### [Work instructions]
Every line of the listing below from the one with "Luxury villa with" up to and including the one with "T shirt Monday" should be retyped exactly, and nothing else; pictures are not part of the copy.

### [The data]
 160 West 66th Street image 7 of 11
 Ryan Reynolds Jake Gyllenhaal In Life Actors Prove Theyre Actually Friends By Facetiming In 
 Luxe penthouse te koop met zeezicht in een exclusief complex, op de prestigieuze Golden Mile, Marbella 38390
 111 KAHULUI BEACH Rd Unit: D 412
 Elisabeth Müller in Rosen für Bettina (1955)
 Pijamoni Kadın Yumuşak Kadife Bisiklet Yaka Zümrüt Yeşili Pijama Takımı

--

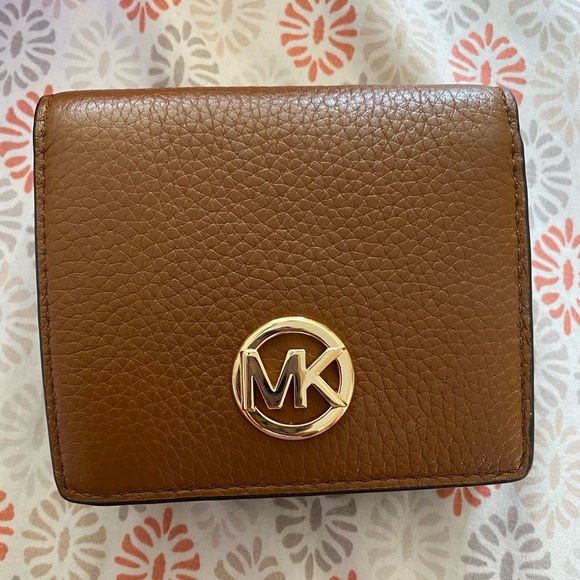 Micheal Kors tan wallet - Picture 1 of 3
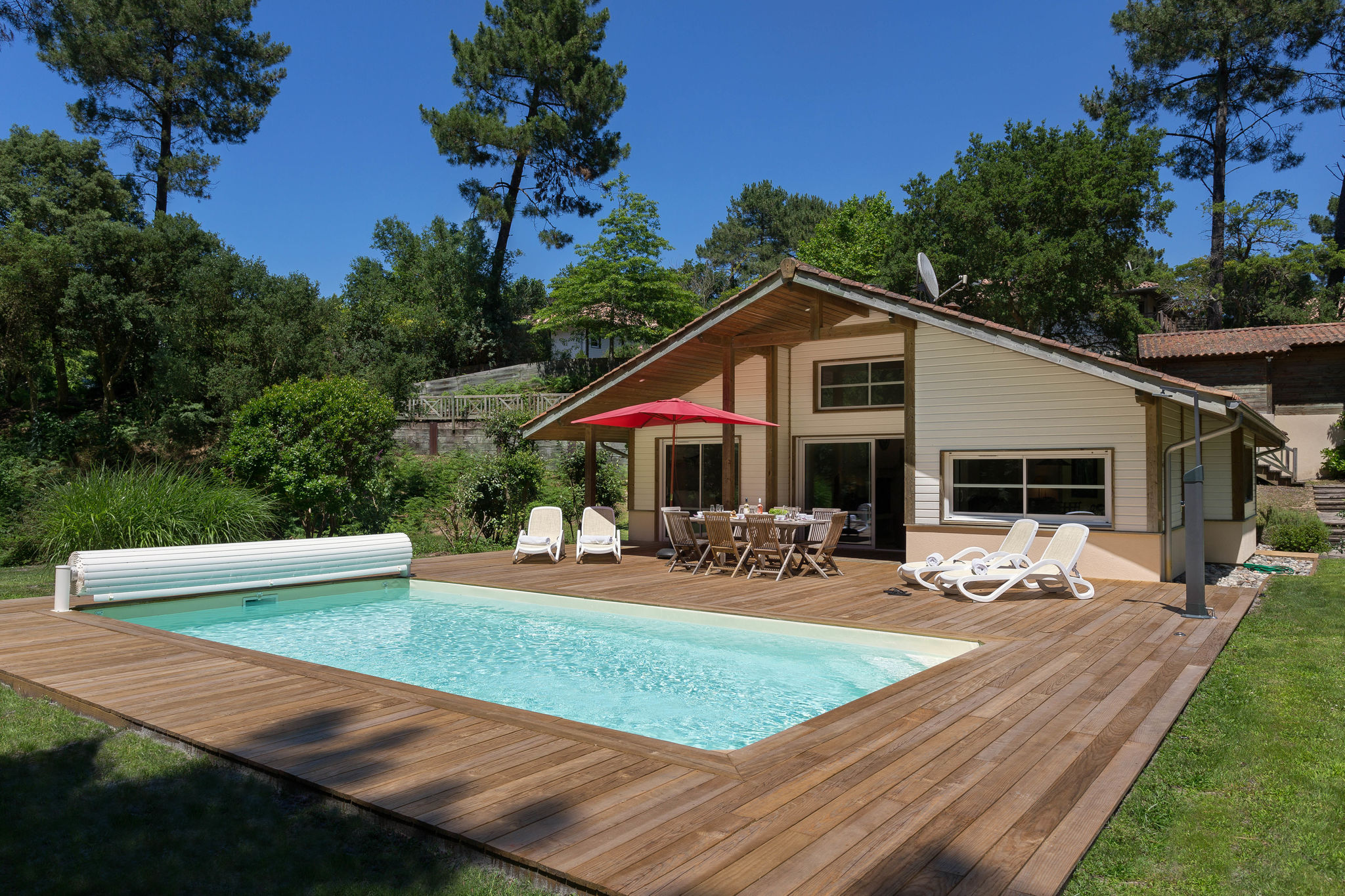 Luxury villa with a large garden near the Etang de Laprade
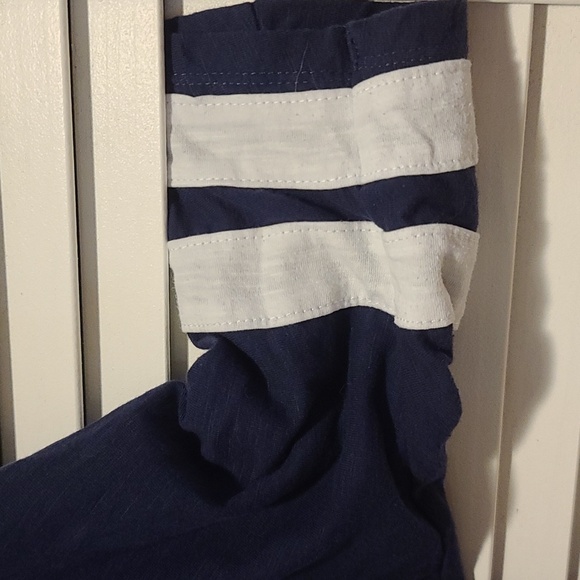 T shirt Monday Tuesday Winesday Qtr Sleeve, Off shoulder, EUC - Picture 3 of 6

==

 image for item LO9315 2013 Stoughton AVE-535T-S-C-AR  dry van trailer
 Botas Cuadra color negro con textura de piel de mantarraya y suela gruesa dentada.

### [Task answer]
 Luxury villa with a large garden near the Etang de Laprade
 T shirt Monday Tuesday Winesday Qtr Sleeve, Off shoulder, EUC - Picture 3 of 6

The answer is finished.